First, the good news. I am reading my way through Henri Nouwen's Show Me the Way: Readings for Each Day of Lent. I read it after I read the morning prayers in Phyllis Tickle's The Divine Hours. It fits nicely with a daily discipline that I already follow.
However, this pilgrim is not doing well with her plan to color on sheets that give me a circle or a square for each day of Lent. The spaces are too small, and my markers have too broad a stroke.
And frankly, adding another daily discipline to my life--in retrospect, I'm seeing the error of this plan. But I would like to play more with color and markers. Should I go to the store and get the perfect notebook? The one that I have that I'm using as my weekly journal that keeps up with my goals and progress--I'd like something like that.
But do I really need to go to the store?
So, I have returned to the arts and crafts bookcase, and sure enough, I have some old sketchbooks.
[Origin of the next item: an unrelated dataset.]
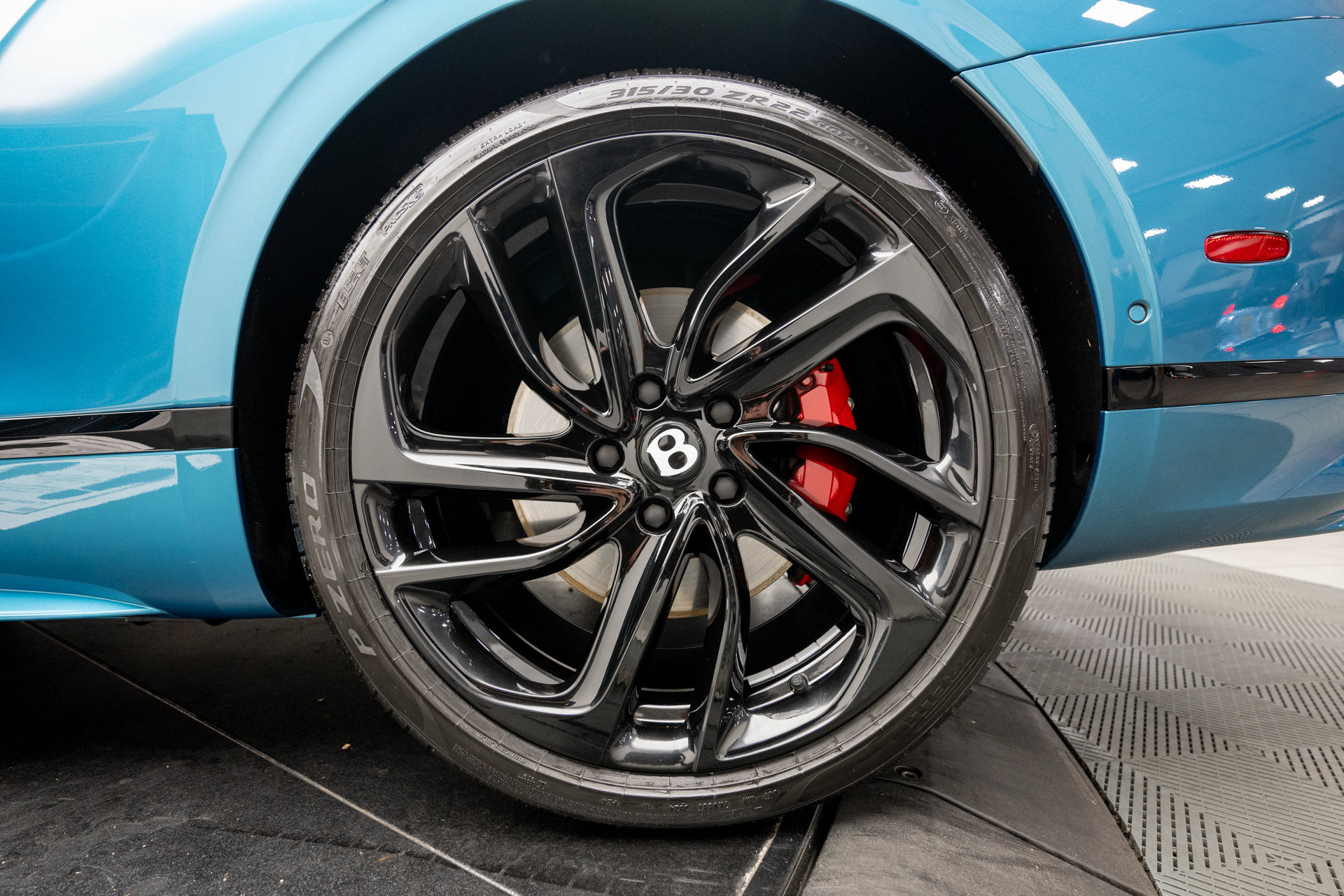 Used 2025 Bentley Continental GT Speed AWD/4WD image 39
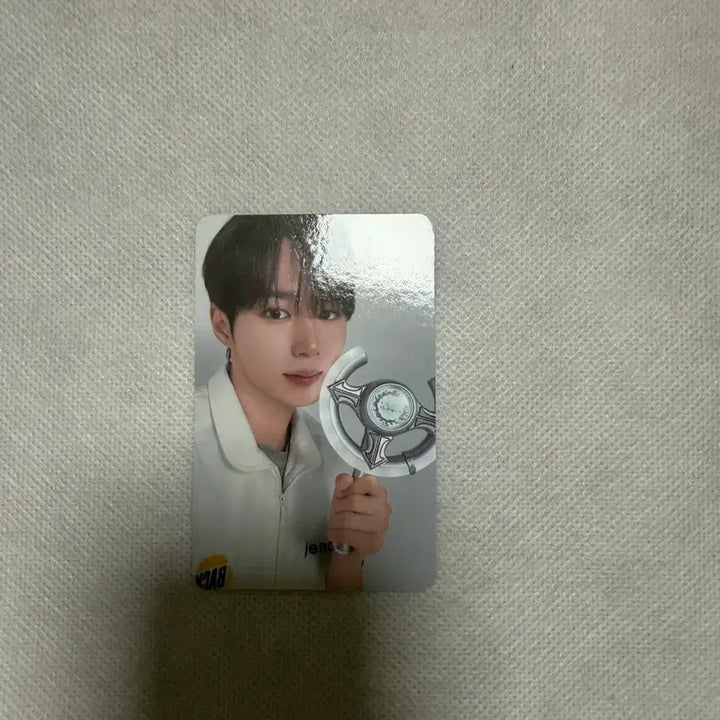 [BUNJANG] Verivery Dongheon Photocard / 알디원 응원봉 준서 포카 양도합니다~!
They feel almost too big, but maybe the 6 x 8 sheets will be a good antidote to the too-small circles and squares.
The other problem I have with restrictive daily disciplines is that they may edge out the serendipitous discoveries that could come my way. I had no plans to read The Fellowship: the Literary Lives of the Inklings by Carol Zaleski and Philip Zaleski as part of my Lent. But it's a wonderful Lenten journey. It's about the literary and spiritual lives of C. S. Lewis and J. R. R. Tolkien and their circles.
I find it curious that I can read this book and feel absolutely no desire to read the works of these writers. I have a fondness for some of the theology of Lewis, and I spent my childhood years devouring the Narnia series. I read The Hobbit, and although I enjoyed it, I couldn't make my way through any other Tolkien work.
When I read Paul Elie's The Life You Save May Be Your Own, I immediately went back to Flannery O'Connor (who, truth be told is never far from my thoughts) and Thomas Merton. I wanted to read Dorothy Day and Walker Percy. It was a different experience from The Fellowship.
It's good to remember that we are still in the early days of Lent. There is still hope for our Lenten disciplines.